Top of RECORD EXTRACTS

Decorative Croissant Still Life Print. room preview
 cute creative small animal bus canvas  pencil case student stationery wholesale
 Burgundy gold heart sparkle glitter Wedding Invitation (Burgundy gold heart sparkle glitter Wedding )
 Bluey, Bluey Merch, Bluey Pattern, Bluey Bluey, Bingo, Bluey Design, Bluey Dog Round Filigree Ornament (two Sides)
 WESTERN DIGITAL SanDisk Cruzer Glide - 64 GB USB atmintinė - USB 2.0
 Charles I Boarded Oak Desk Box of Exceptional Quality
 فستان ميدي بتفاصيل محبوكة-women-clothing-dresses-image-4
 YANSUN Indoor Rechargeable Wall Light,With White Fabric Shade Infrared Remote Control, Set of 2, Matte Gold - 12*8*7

Bottom of RECORD EXTRACTS

* [EXERCISE REQUIREMENTS]
Type out the material again, matching every line.

* [OUTPUT OF THE TASK]
Decorative Croissant Still Life Print. room preview
 cute creative small animal bus canvas  pencil case student stationery wholesale
 Burgundy gold heart sparkle glitter Wedding Invitation (Burgundy gold heart sparkle glitter Wedding )
 Bluey, Bluey Merch, Bluey Pattern, Bluey Bluey, Bingo, Bluey Design, Bluey Dog Round Filigree Ornament (two Sides)
 WESTERN DIGITAL SanDisk Cruzer Glide - 64 GB USB atmintinė - USB 2.0
 Charles I Boarded Oak Desk Box of Exceptional Quality
 فستان ميدي بتفاصيل محبوكة-women-clothing-dresses-image-4
 YANSUN Indoor Rechargeable Wall Light,With White Fabric Shade Infrared Remote Control, Set of 2, Matte Gold - 12*8*7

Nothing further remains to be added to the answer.